[LITMUS^RT] Help with Understanding Scheduling Results
Geoffrey Tran
gtran at isi.edu
Thu Apr 2 21:16:33 CEST 2015
Hi Björn,
Thank you again for your detailed reply!
For the logs, I have disabled CONFIG_PREEMPT_STATE_TRACE since it added up to huge logs. Did you mean that I should turn this on
before collecting logs? I just wanted to clear that up before I go recompiling the kernel to disable the affinity code.
One of my colleagues did test with the affinity disabled, and while it did improve scheduling results for this two-task case, it
did not solve the issue with a larger task set. However, that image is no longer available, and no logs were stored, so I will
redo it after receiving your comments on the log settings.
The in depth explanation of the log is again helpful. I am not sure on if Xen always delivers all IPIs.

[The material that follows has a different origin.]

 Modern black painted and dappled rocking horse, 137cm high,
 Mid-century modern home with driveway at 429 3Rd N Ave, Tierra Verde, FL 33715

When you say enable SCHED_STATE, do you mean the above tracing parameter? Everything else is enabled in the LITMUS^RT->Tracing
menu for the kernel config.
Thanks,
Geoffrey
----- Original Message -----
From: "Björn Brandenburg" <bbb at mpi-sws.org>
To: "Geoffrey Tran" <gtran at isi.edu>, "Glenn Elliott" <gelliott at cs.unc.edu>
Cc: "Meng Xu" <xumengpanda at gmail.com>, litmus-dev at lists.litmus-rt.org, "Mikyung Kang" <mkkang at isi.edu>, "Stephen Crago" <crago at isi.edu>, "John Walters" <jwalters at isi.edu>
Sent: Thursday, April 2, 2015 9:48:04 AM
Subject: Re: [LITMUS^RT] Help with Understanding Scheduling Results
> On 01 Apr 2015, at 04:22, Geoffrey Tran <gtran at isi.edu> wrote:
>
> Hi Meng,
>
> I received this email on the KVM setup:
> <each VM>
> 8 cores
> 100% budget
> raw qemu image
> vda virtio
> with the following kernel: Linux localhost 3.4.43-WR5.0.1.10_standard #1 SMP PREEMPT Sat Dec 21 16:28:51 EST 2013 x86_64 GNU/Linux
>
> Also, we observe similar anomalies with the credit scheduler.
>
>
>
> Hello again Björn,
>
> Would you happen to have any more comments or suggestions we could try?
>
> Thank you very much,
> Geoffrey
Hi Geoffrey,
(CC'ing Glenn, who knows the affinity code best)
sorry for the long pause. I finally had some time to look at the traces.
First, it looks like your bm_log.txt trace contains ONLY messages related to SCHED_STATE tracing, which is not very useful.
Second, could you please retrace what happens under Xen with CONFIG_SCHED_CPU_AFFINITY disabled? Something goes wrong around the affinity check. I'm not quite sure what's happening, but let's try disabling that code to narrow down the issue.
The first job to miss a deadline is myapp/1535:15, so let's look at that.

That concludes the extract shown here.